SOURCE RECORDS section start

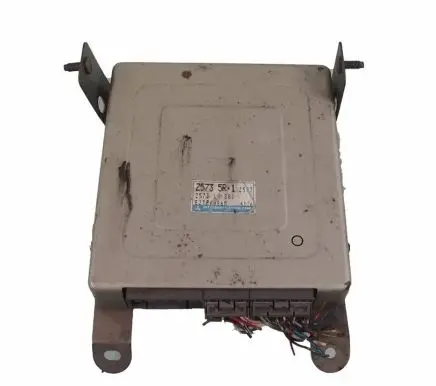Mazda 323 F Engine control unit/module Z57318881 E2T84986M 573521751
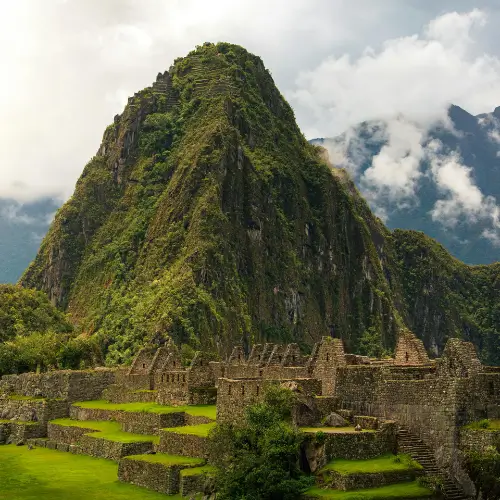 huayna picchu mountain.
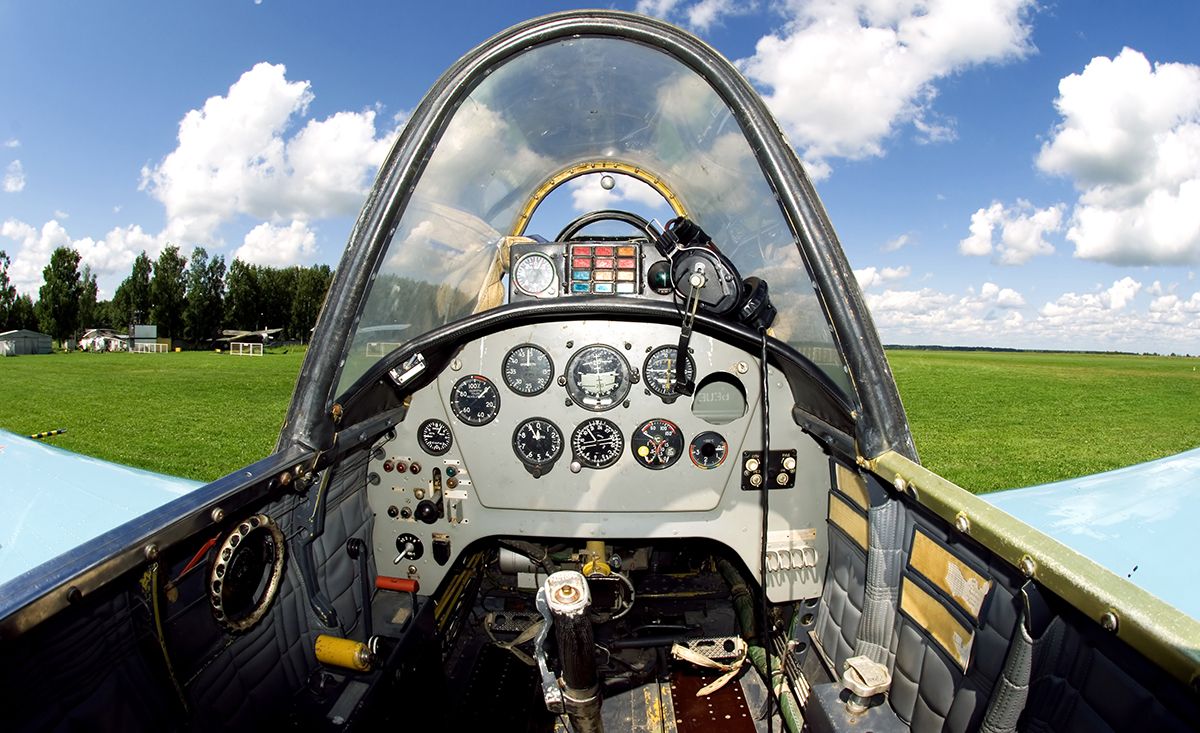 Yak-52. Cockpit.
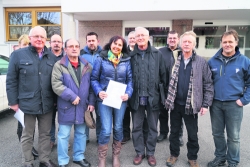 Angeführt von GR Karin Rupprechter (Mitte) aus Mehrn protestiert die gemeindeübergreifende Nachbarschaftsgruppe gegen den Betrieb eines Gesteins-Brechers. Vl.: Dipl. Wallner Jörg (Mehrn), Claus Motschmann (Vetreter der 47 Parteien in Marienhöhe), Thomas Fuchs (Mehrn), Johann Liedmayr (Marienhöhe), Peter Rendl (Bischofsbrunn),        2. Reihe: Renate Moser-Linder, Martin Moser, Klaus Gürtler (Bischofsbrunn), Christoph Fuchs (Mehrn) und Benedikt Schneider (Mehrn).         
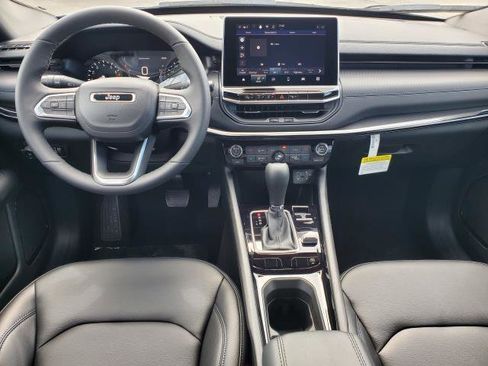 Used 2026 Jeep Compass Limited AWD/4WD image 18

SOURCE RECORDS section end

No pictures go in the copy. Retype exactly the lines from the one with "Angeführt von GR" through the last line of the entries above, both included, and nothing more.

#### TASK OUTPUT:
 Angeführt von GR Karin Rupprechter (Mitte) aus Mehrn protestiert die gemeindeübergreifende Nachbarschaftsgruppe gegen den Betrieb eines Gesteins-Brechers. Vl.: Dipl. Wallner Jörg (Mehrn), Claus Motschmann (Vetreter der 47 Parteien in Marienhöhe), Thomas Fuchs (Mehrn), Johann Liedmayr (Marienhöhe), Peter Rendl (Bischofsbrunn),        2. Reihe: Renate Moser-Linder, Martin Moser, Klaus Gürtler (Bischofsbrunn), Christoph Fuchs (Mehrn) und Benedikt Schneider (Mehrn).         
 Used 2026 Jeep Compass Limited AWD/4WD image 18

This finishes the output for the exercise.